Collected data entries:
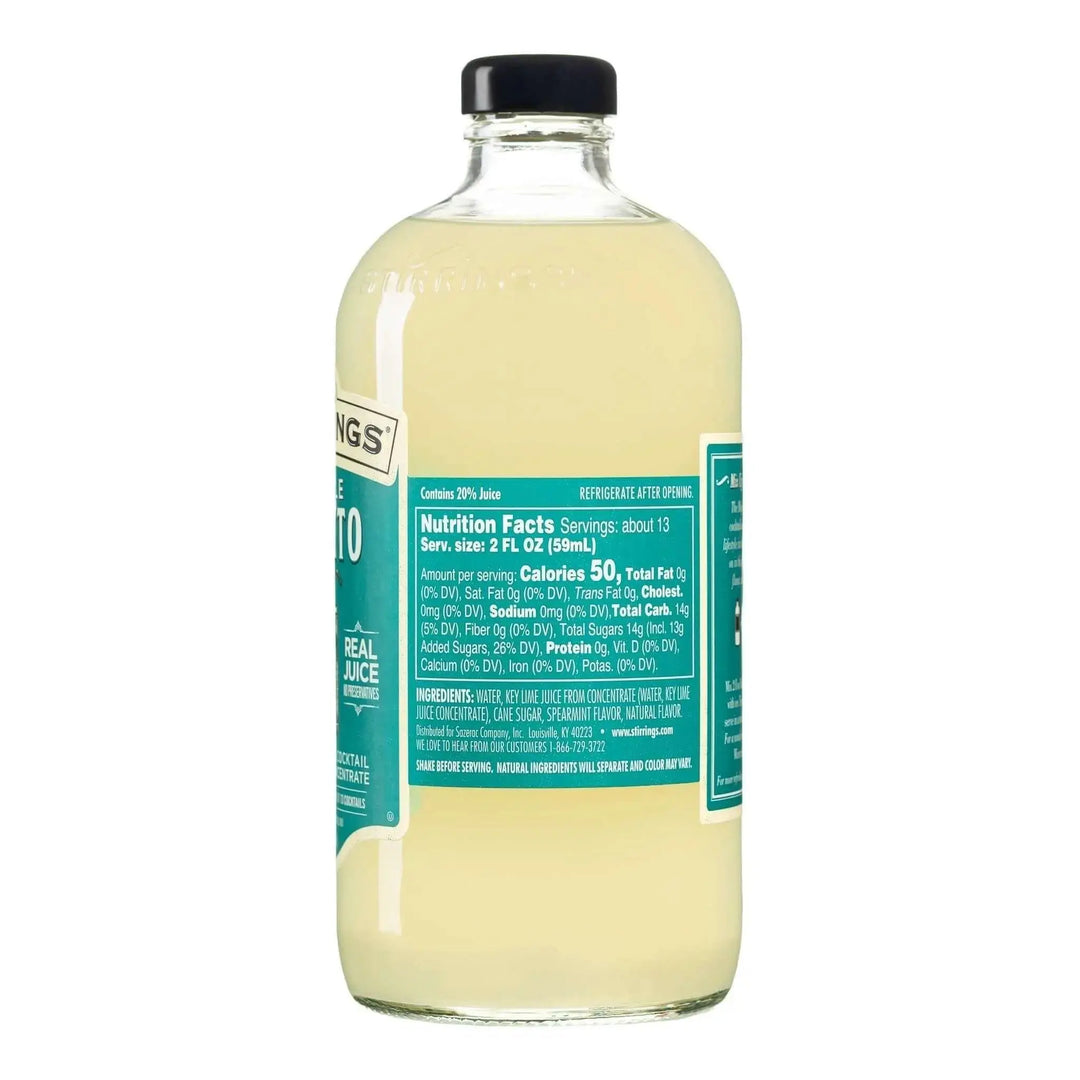 Stirrings Mojito Mix - Main Street Liquor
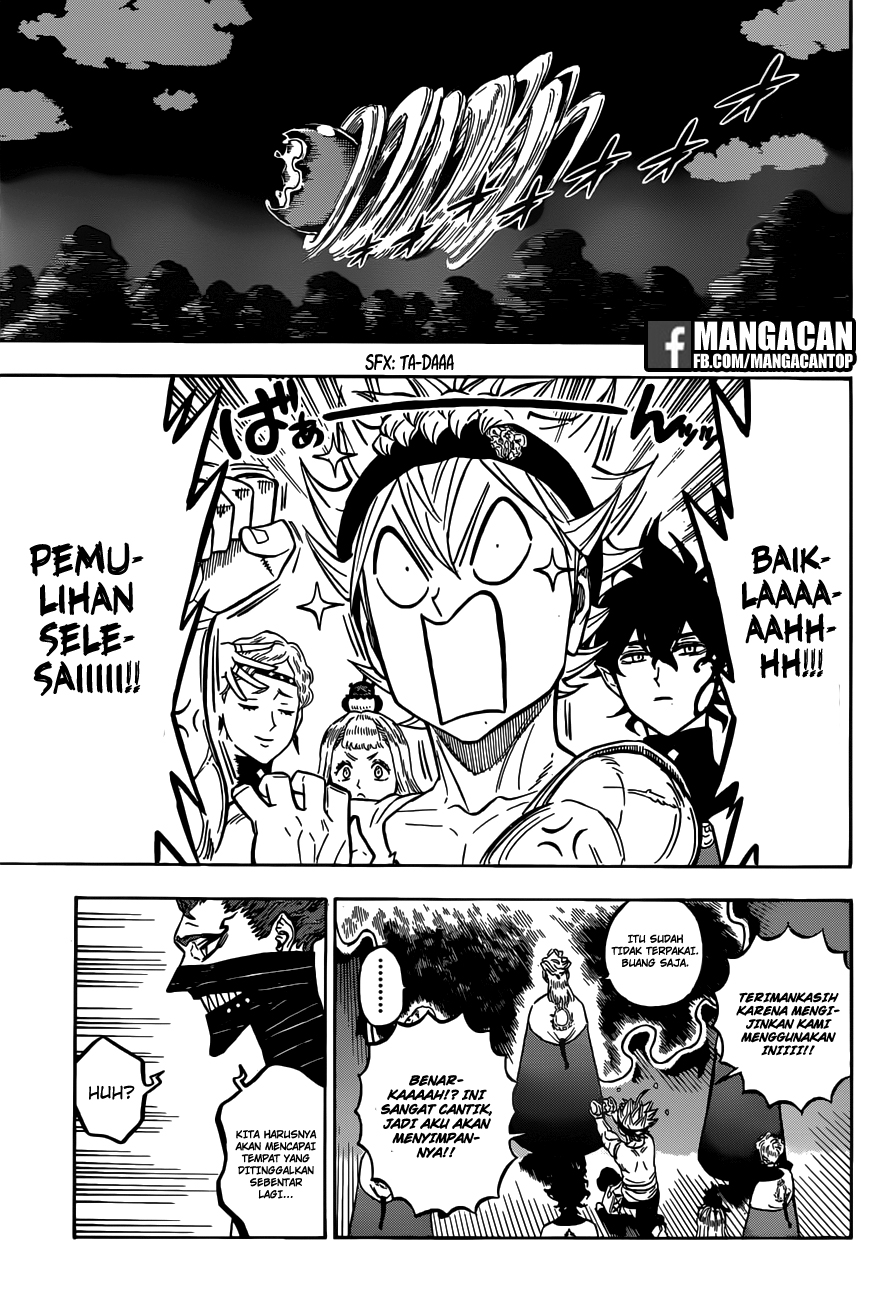 Black Clover chapter 158 halaman 6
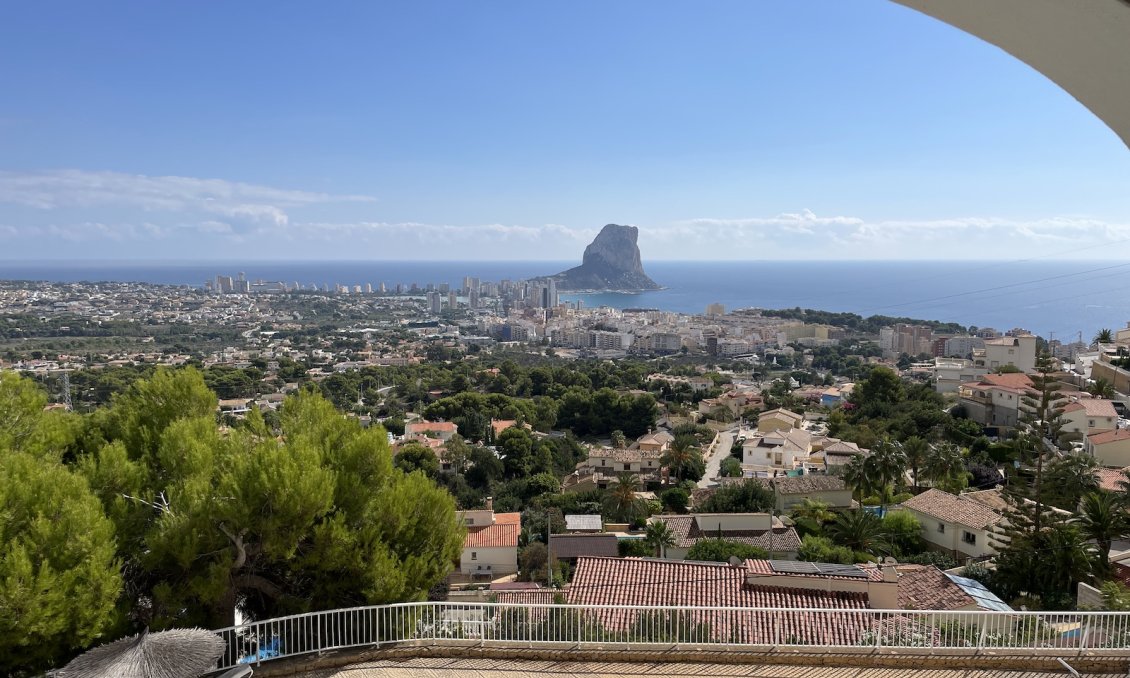 Segunda mano - Villa -
Calpe - Costa Blanca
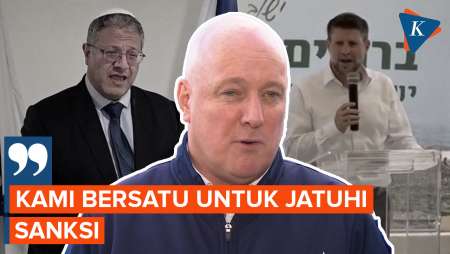 Ikut Sanksi Menteri Netanyahu, Selandia Baru Kecam Permukiman Ilegal Israel di Tepi Barat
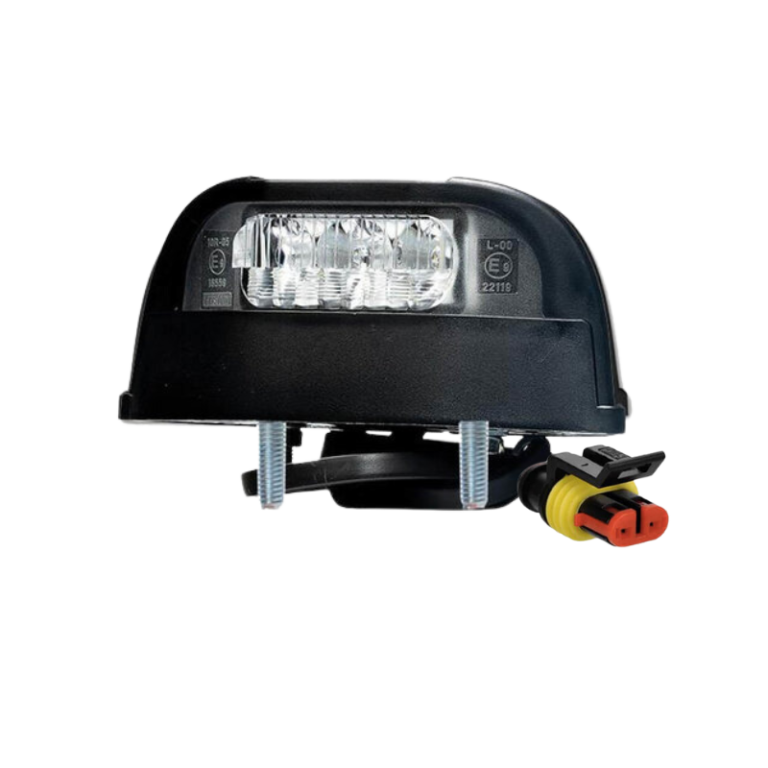 LED Kennzeichenbeleuchtung 12-36 Volt 100cm Kabel mit SuperSeal | MK-1600SS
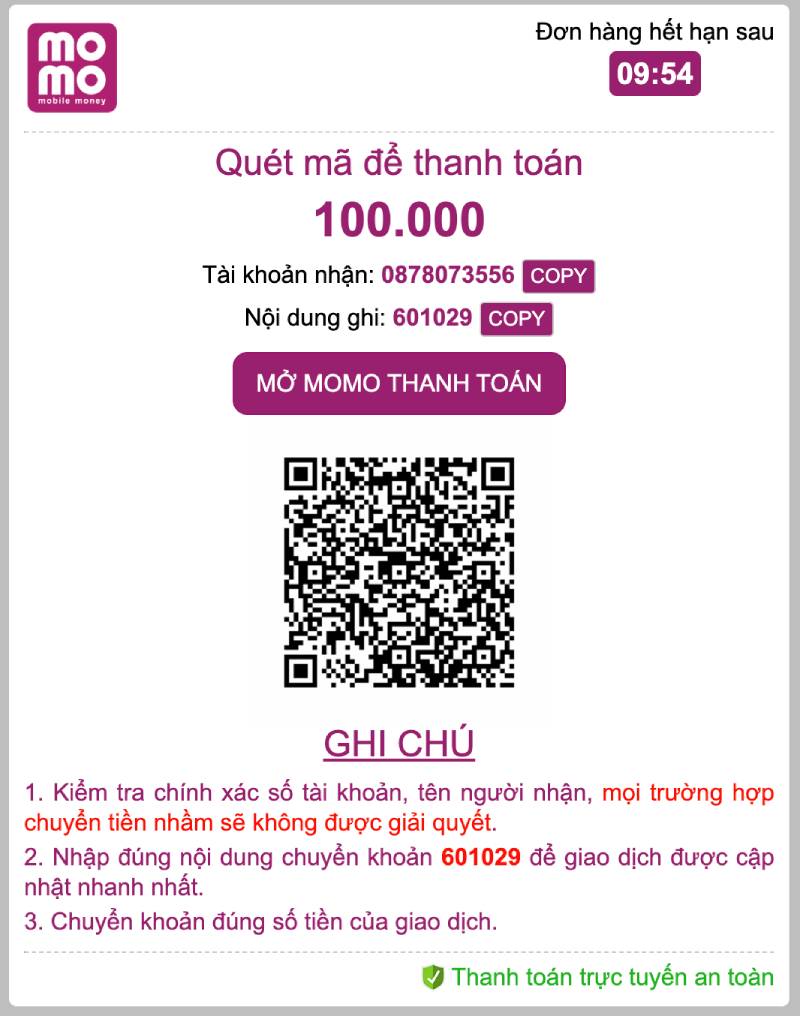 Hướng Dẫn Nạp Tiền F8BET Các Bước Chi Tiết 5 quet qr momo f8bet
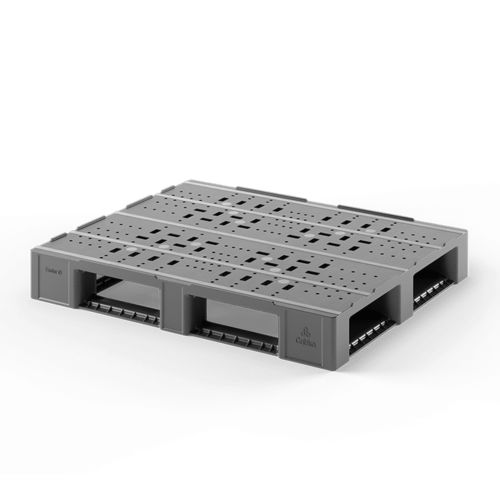 Поддон для интенсивного использования - Endur i9 (OD-5R) - Cabka - из пластика / ISO / для хранения
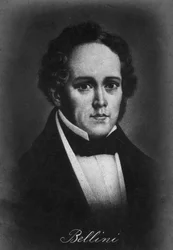 Vincenzo Bellini 1801-1835, italienischer Komponist, 20. Jahrhundert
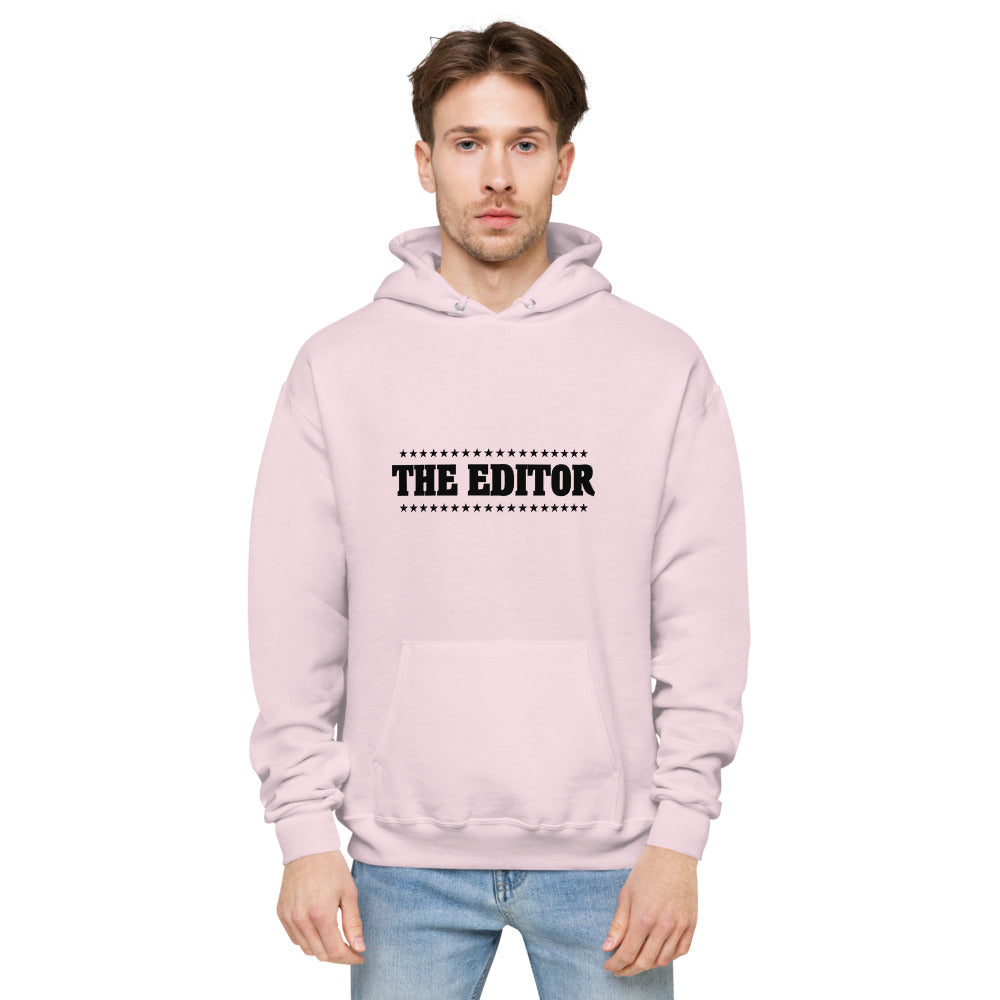 The Editor- unisex fleece hoodie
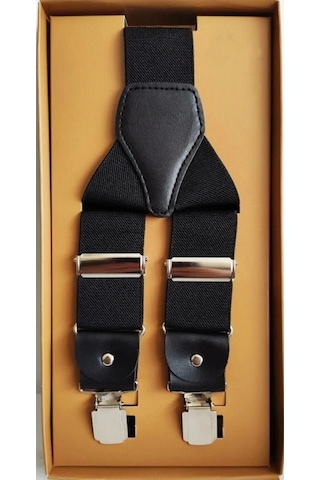 Çantachım Erkek Düz Renk Pantolon Askısı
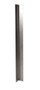 Vestil 304 Stainless Steel Square Corner Guard - 48 In. x 3-1/2 In. x 3-1/2 In. - Silver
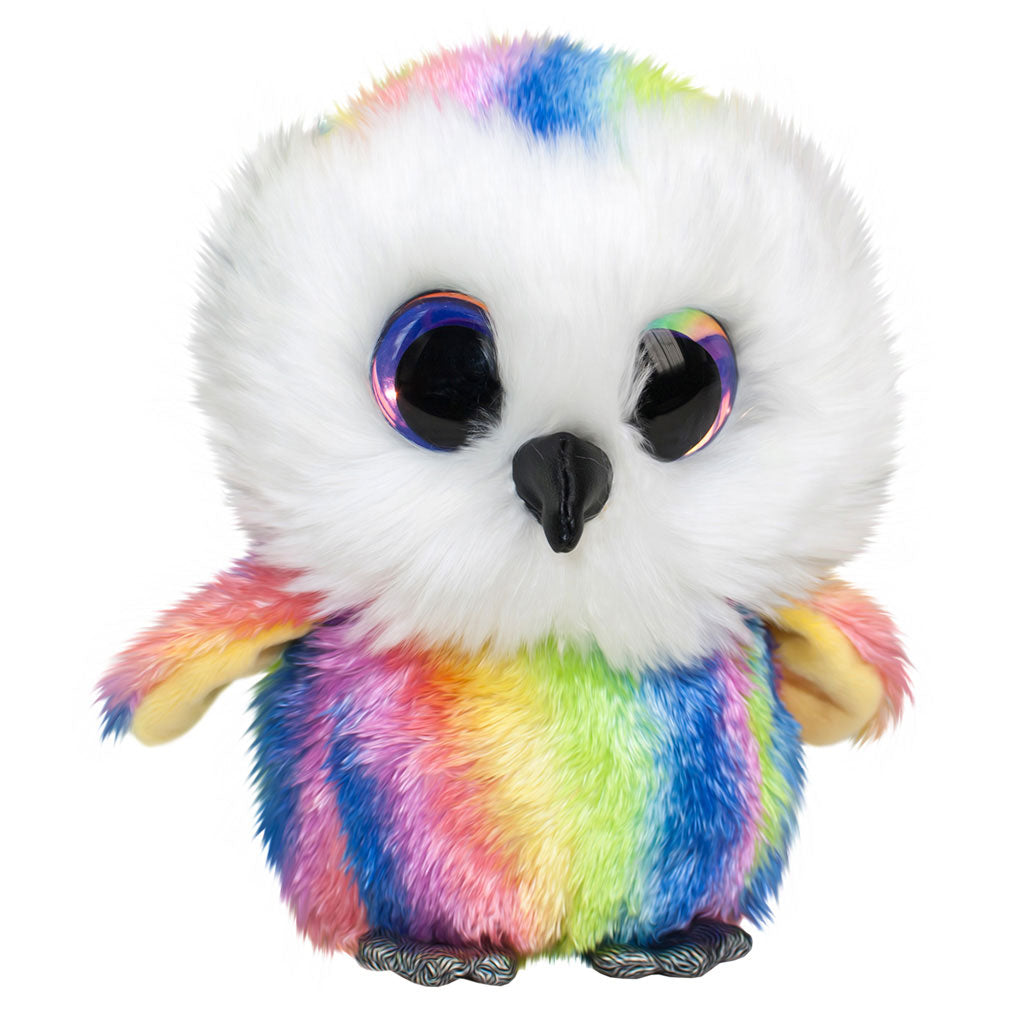 Lumo Stars Kuscheltier – Eulenstreifen, 24 cm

◆ Required action: Return all the entries word for word, but omit any pictures they contain.

◆ Response area:
 Stirrings Mojito Mix - Main Street Liquor
 Black Clover chapter 158 halaman 6
 Segunda mano - Villa -
Calpe - Costa Blanca
 Ikut Sanksi Menteri Netanyahu, Selandia Baru Kecam Permukiman Ilegal Israel di Tepi Barat
 LED Kennzeichenbeleuchtung 12-36 Volt 100cm Kabel mit SuperSeal | MK-1600SS
 Hướng Dẫn Nạp Tiền F8BET Các Bước Chi Tiết 5 quet qr momo f8bet
 Поддон для интенсивного использования - Endur i9 (OD-5R) - Cabka - из пластика / ISO / для хранения
 Vincenzo Bellini 1801-1835, italienischer Komponist, 20. Jahrhundert
 The Editor- unisex fleece hoodie
 Çantachım Erkek Düz Renk Pantolon Askısı
 Vestil 304 Stainless Steel Square Corner Guard - 48 In. x 3-1/2 In. x 3-1/2 In. - Silver
 Lumo Stars Kuscheltier – Eulenstreifen, 24 cm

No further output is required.